TASK OBJECTIVE: Say how many lines in the entries below have the word "Shadow" in them, giving only the number.

Scraped caption text data:
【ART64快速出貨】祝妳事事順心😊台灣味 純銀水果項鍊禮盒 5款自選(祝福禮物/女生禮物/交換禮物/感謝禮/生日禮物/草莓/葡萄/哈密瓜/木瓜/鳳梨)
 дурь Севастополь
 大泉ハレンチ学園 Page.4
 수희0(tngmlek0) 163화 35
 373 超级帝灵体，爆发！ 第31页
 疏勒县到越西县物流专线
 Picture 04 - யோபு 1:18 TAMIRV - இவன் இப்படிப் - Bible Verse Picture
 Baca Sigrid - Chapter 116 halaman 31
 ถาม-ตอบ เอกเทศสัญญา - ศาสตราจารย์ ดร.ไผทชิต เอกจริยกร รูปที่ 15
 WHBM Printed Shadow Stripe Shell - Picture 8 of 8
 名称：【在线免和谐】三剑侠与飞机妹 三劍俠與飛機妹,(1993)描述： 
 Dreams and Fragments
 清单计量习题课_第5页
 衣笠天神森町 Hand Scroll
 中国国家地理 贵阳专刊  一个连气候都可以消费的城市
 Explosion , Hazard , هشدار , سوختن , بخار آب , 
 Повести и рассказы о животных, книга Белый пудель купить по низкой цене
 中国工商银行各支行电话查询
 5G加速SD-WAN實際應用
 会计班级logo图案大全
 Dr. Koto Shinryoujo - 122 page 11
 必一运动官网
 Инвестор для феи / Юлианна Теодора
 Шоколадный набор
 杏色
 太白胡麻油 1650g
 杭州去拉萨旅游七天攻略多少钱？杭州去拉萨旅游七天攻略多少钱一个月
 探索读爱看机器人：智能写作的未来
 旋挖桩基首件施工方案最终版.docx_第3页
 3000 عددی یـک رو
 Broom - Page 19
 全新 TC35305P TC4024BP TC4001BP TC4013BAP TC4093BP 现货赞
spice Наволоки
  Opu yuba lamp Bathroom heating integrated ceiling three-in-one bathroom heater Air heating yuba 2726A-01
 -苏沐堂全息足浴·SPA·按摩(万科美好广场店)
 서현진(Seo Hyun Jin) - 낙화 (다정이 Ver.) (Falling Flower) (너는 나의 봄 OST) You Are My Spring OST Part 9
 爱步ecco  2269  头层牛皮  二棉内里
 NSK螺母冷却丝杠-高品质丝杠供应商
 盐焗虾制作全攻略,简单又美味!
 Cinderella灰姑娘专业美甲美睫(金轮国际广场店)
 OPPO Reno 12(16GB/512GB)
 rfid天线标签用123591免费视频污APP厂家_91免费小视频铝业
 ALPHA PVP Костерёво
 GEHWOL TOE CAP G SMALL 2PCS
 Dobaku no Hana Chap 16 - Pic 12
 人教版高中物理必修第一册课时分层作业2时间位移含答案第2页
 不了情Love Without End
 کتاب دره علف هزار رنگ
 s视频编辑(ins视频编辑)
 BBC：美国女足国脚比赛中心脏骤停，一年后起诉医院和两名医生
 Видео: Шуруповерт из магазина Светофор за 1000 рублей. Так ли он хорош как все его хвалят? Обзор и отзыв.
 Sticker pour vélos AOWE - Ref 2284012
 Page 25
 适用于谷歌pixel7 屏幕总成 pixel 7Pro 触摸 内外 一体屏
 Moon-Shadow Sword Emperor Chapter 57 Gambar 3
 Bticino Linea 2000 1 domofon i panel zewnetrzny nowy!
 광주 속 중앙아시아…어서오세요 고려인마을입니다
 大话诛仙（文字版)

ANSWER FOR THE TASK: 2